Compute units are the scarce resource on Solana. Not money, not storage. Compute. Every block has a hard cap, currently 60M CU, with a 12M budget per account write lock. Every instruction draws from that cap. When blocks fill up, your transaction's priority comes down to fee per compute unit. CU is the currency that actually rations blockspace.

Against that backdrop, look at what the old SPL Token program charged for the single most common operation on the network:

  • A plain Transfer: 4,645 CU
  • A TransferChecked: 6,200 CU

That sounds small until you remember how often it runs. Transfer and TransferChecked together are nearly half of all token-program activity, and the token program is ~10% of all blockspace. So you're paying that 4,645 on a huge number of transactions every day, and a big chunk of it isn't doing anything useful. Some of it was pure logging: before a single lamport moved, the program would write Program log: Instruction: Transfer to the transaction log, and that one line burned around 103 CU.

The waste wasn't in the logic. The logic of a token transfer is trivial. The waste was in everything wrapped around it: how the program received its accounts, how it parsed them, and how much machinery the standard Solana program model dragged in before the first useful line ran. p-token's whole idea is that you can keep the logic identical and throw away the wrapping.

Here's what "throw away the wrapping" actually bought, per instruction:

Instruction p-token old SPL Token Saving
transfer 76 4,645 ~98%
transfer_checked 105 6,200 ~98%
initialize_mint 105 2,967 ~96%
initialize_account 154 4,527 ~97%
mint_to 119 4,538 ~97%
burn 126 4,753 ~97%
approve 124 2,904 ~96%
close_account 120 2,916 ~96%
freeze_account 146 4,265 ~97%
sync_native 61 3,045 ~98%

(Benchmark figures from the official p-token upgrade page and SIMD-0266. Exact counts drift a few units between Solana releases and benchmark runs, but the shape doesn't.)
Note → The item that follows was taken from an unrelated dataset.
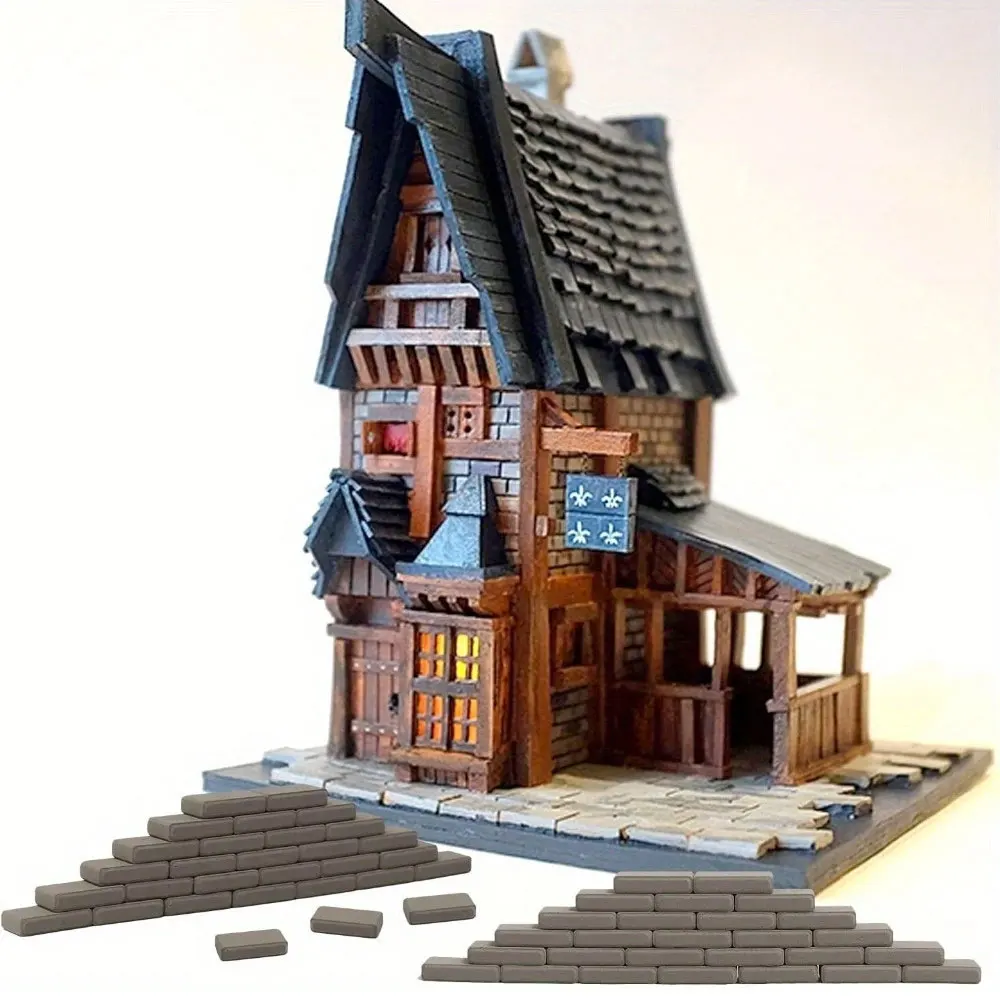 Mini Grey Brick Landscape Craft Toy House Realistic Miniature Blocks DIY Micro Model Aquarium Garden Accessories Birthday Christ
That's the whole pitch in one table. Same instruction set, same account layouts, same results, for 95-98% less compute. On a plain transfer, the operation Solana runs most, that's 4,645 CU down to 76: about 60x cheaper.

What p-token Actually Is

First, kill the most common misconception: p-token isn't a new token spec, isn't a Token-2022 successor, and isn't something you migrate to. It's a from-scratch reimplementation of the existing SPL Token program, compatible byte-for-byte: same instruction discriminators, same account layouts, same error codes, same everything an outside observer can see. Hand it the bytes for an InitializeMint instruction and it reads them the same way, writes the same account state, and returns the same errors as the program it replaces.

The "p" is for Pinocchio, the framework it's built on. Pinocchio is where the savings come from.

Pinocchio began as a personal experiment by Fernando "Febo" Otero, an engineer at Anza, aimed at one specific frustration: the solana-program crate historically dragged in a heavy, constantly churning dependency tree, and he wanted out. The experiment caught on inside Anza and absorbed enough of the team to become a real project, and a genuinely different way to write a Solana program. Its tagline is "Create Solana programs with no external dependencies attached," and it means that literally. It's no_std, it has zero external crates, it lets you drop the heap allocator entirely, and it never copies your accounts into owned memory. It's a solana-program replacement built for two things: minimum compute and minimum binary size.

p-token, the rewrite of SPL Token on top of Pinocchio, was the proof. It shrank the program binary from 131 KB to 95 KB and cut compute by ~95%. Febo and Jon Cinque wrote it up as SIMD-0266: Efficient Token Program, and that proposal is what carried it to mainnet.

Where the Compute Actually Went

This part is useful even if you never touch p-token, because it explains why a normal Solana program costs more than its logic suggests.

When the Solana runtime invokes your program, it hands over one thing: a pointer to a serialized byte buffer. That buffer holds the program ID, the accounts, and the instruction data, all packed into a specific layout. What your program does with it next is where frameworks split apart.

The standard solana-program entrypoint, the one almost every program uses, does the friendly thing. Before a single line of your logic runs, its deserialize routine walks that buffer and builds owned Rust structures. It allocates a Vec<AccountInfo> on the heap, and for every account it wraps the lamports and data in Rc<RefCell<…>>, reference-counted smart pointers you can mutate through. That's convenient. It's also a pile of allocations and copies on every single invocation, and it grows with the number of accounts. You pay for it whether or not your program touches those accounts. It even sets up a heap allocator and a panic handler you may never use.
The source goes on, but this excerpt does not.